Aim-TTi SMU4201 Road Test | Automated Experiments - Characterizing a Zener Diode

Hi Everyone!  Here is a quick update on the  Road Test of the Aim-TTi SMU4201 Source Measure Unit (SMU):

Previous blog posts:
Aim-TTi SMU4201 Road Test | Unboxing, First Look and User Interface
Aim-TTi SMU4201 Road Test | Power Supply and Load Experiments

In the last few days I started playing with the remote control capabilities of the Aim-TTi SMU4201 source measure unit.

For the first experiment I chose to characterize a Zener diode. This should not be too hard, as all we need to do is a voltage sweep that covers the operating voltages of the diode.

The diode I used is a Vishay SMAZ5920B-E3 with a Zener voltage of 6.2V, and it is connected to the instrument in a 4-wire configuration:

1. Test Bridge SMU

Aim-TTi has on their website a desktop application for the SMU4201 called Test Bridge SMU. This can be used to control up to two Aim-TTi source measure units (SMU4001 or SMU4201). I decided to give it a try to this application...

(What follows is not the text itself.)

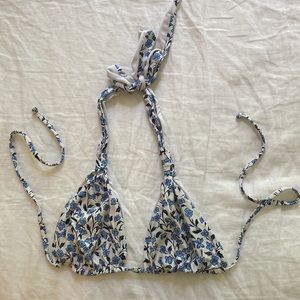 Monday Swimwear Tulum Top S/M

The application is fairly easy to install and works relatively well. It allows controlling the instrument in a similar way to the local user interface. It can also display measurement results in various ways.

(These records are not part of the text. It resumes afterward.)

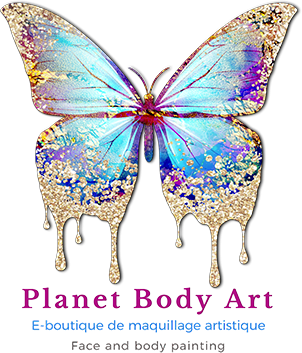 Planet Body Art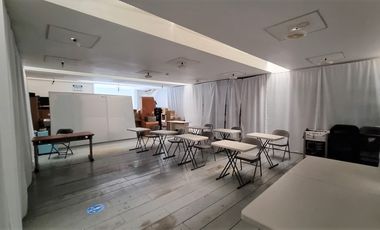 Venta Bodega en Argentina Poniente Dentro de Parque Industrial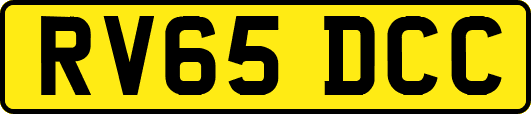 RV65DCC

To set up a voltage sweep for diode characterization, we can set the instrument to Source Voltage (SV) mode with the following settings:

This will do a voltage sweep from -7V to +2V with 100 intermediate test voltages.

Hitting the play button starts the experiment, and after it's done we can download and display the measurement results:

As shown above, we were able to plot the characteristic I-V curve of the Zener diode.

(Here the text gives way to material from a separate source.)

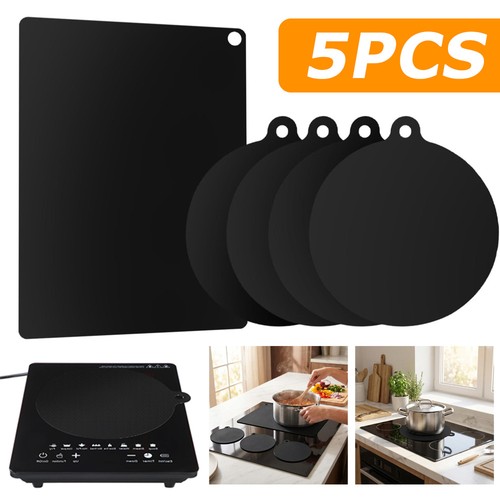 Induction hob protector mat - hob,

My first impression is the Test Bridge SMU application can be usable for simple experiments. Unfortunately, the application is Windows only and although has some advanced features, it is not something out of ordinary. Also, I as came with programming background, I prefer controlling the instrument directly from scripts. 

2. LAN / LXI / Jupyter Notebook

After playing around with the Test Bridge SMU application, I got back to Linux and set up a Jupyter Notebook / Lab environment for automated / scripted experiments with test instruments. Jupyter notebooks allows us to write Python code, play with data and document results interactively. Because of this I think is a great tool to do automated / scripted experiments.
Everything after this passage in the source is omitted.